Recorded data
★ ★ ★ ★

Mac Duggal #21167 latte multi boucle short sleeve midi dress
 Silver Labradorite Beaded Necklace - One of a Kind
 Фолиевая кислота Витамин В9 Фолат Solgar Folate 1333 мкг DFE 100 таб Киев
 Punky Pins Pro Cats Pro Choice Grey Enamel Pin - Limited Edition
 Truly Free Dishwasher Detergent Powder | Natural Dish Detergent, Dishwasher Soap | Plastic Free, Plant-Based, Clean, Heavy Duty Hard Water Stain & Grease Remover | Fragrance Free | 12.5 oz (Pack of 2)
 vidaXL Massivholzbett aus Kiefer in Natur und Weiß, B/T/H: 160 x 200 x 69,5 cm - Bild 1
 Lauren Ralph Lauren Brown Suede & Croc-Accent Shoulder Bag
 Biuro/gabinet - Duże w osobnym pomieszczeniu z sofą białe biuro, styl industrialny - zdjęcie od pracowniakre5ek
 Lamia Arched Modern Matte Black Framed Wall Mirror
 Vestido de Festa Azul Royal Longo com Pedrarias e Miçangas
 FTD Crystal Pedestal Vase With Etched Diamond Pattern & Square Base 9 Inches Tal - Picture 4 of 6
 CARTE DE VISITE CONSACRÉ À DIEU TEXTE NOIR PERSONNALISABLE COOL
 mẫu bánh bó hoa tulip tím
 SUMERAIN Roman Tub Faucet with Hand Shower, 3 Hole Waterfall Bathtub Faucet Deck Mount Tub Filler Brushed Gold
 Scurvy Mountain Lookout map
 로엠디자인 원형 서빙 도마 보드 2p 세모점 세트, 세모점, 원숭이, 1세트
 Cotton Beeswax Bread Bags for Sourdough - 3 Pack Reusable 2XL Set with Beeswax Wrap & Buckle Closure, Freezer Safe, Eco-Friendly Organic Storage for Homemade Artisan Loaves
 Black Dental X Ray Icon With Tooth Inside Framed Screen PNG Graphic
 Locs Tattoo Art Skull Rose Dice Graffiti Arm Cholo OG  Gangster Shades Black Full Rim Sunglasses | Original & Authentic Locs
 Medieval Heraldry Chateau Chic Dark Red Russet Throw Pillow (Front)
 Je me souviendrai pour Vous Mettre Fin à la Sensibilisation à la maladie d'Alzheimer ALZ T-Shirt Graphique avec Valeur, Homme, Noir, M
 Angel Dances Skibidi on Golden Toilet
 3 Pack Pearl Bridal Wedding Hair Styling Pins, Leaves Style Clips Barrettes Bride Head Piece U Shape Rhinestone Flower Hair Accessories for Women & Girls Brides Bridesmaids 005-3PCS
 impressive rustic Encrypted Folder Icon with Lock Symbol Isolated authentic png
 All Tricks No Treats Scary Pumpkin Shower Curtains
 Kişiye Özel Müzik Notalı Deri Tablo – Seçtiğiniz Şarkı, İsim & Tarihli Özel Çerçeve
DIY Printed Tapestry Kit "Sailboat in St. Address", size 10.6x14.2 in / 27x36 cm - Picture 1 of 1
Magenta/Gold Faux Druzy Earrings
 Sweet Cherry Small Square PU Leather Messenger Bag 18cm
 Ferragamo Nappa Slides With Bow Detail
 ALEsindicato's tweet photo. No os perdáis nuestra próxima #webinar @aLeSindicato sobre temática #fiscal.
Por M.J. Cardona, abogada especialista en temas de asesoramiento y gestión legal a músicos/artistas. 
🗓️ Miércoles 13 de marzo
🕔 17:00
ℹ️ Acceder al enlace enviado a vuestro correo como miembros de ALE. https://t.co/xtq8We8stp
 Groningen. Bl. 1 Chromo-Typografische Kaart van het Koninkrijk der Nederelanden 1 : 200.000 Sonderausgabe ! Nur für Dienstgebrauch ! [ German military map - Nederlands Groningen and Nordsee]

★ ★ ★ ★

### AIM OF THE EXERCISE
Nothing but the lines from the top of the entries above through the line with "3 Pack Pearl" should be set down, each exactly as written.

### SOLUTION FOR THIS TASK
Mac Duggal #21167 latte multi boucle short sleeve midi dress
 Silver Labradorite Beaded Necklace - One of a Kind
 Фолиевая кислота Витамин В9 Фолат Solgar Folate 1333 мкг DFE 100 таб Киев
 Punky Pins Pro Cats Pro Choice Grey Enamel Pin - Limited Edition
 Truly Free Dishwasher Detergent Powder | Natural Dish Detergent, Dishwasher Soap | Plastic Free, Plant-Based, Clean, Heavy Duty Hard Water Stain & Grease Remover | Fragrance Free | 12.5 oz (Pack of 2)
 vidaXL Massivholzbett aus Kiefer in Natur und Weiß, B/T/H: 160 x 200 x 69,5 cm - Bild 1
 Lauren Ralph Lauren Brown Suede & Croc-Accent Shoulder Bag
 Biuro/gabinet - Duże w osobnym pomieszczeniu z sofą białe biuro, styl industrialny - zdjęcie od pracowniakre5ek
 Lamia Arched Modern Matte Black Framed Wall Mirror
 Vestido de Festa Azul Royal Longo com Pedrarias e Miçangas
 FTD Crystal Pedestal Vase With Etched Diamond Pattern & Square Base 9 Inches Tal - Picture 4 of 6
 CARTE DE VISITE CONSACRÉ À DIEU TEXTE NOIR PERSONNALISABLE COOL
 mẫu bánh bó hoa tulip tím
 SUMERAIN Roman Tub Faucet with Hand Shower, 3 Hole Waterfall Bathtub Faucet Deck Mount Tub Filler Brushed Gold
 Scurvy Mountain Lookout map
 로엠디자인 원형 서빙 도마 보드 2p 세모점 세트, 세모점, 원숭이, 1세트
 Cotton Beeswax Bread Bags for Sourdough - 3 Pack Reusable 2XL Set with Beeswax Wrap & Buckle Closure, Freezer Safe, Eco-Friendly Organic Storage for Homemade Artisan Loaves
 Black Dental X Ray Icon With Tooth Inside Framed Screen PNG Graphic
 Locs Tattoo Art Skull Rose Dice Graffiti Arm Cholo OG  Gangster Shades Black Full Rim Sunglasses | Original & Authentic Locs
 Medieval Heraldry Chateau Chic Dark Red Russet Throw Pillow (Front)
 Je me souviendrai pour Vous Mettre Fin à la Sensibilisation à la maladie d'Alzheimer ALZ T-Shirt Graphique avec Valeur, Homme, Noir, M
 Angel Dances Skibidi on Golden Toilet
 3 Pack Pearl Bridal Wedding Hair Styling Pins, Leaves Style Clips Barrettes Bride Head Piece U Shape Rhinestone Flower Hair Accessories for Women & Girls Brides Bridesmaids 005-3PCS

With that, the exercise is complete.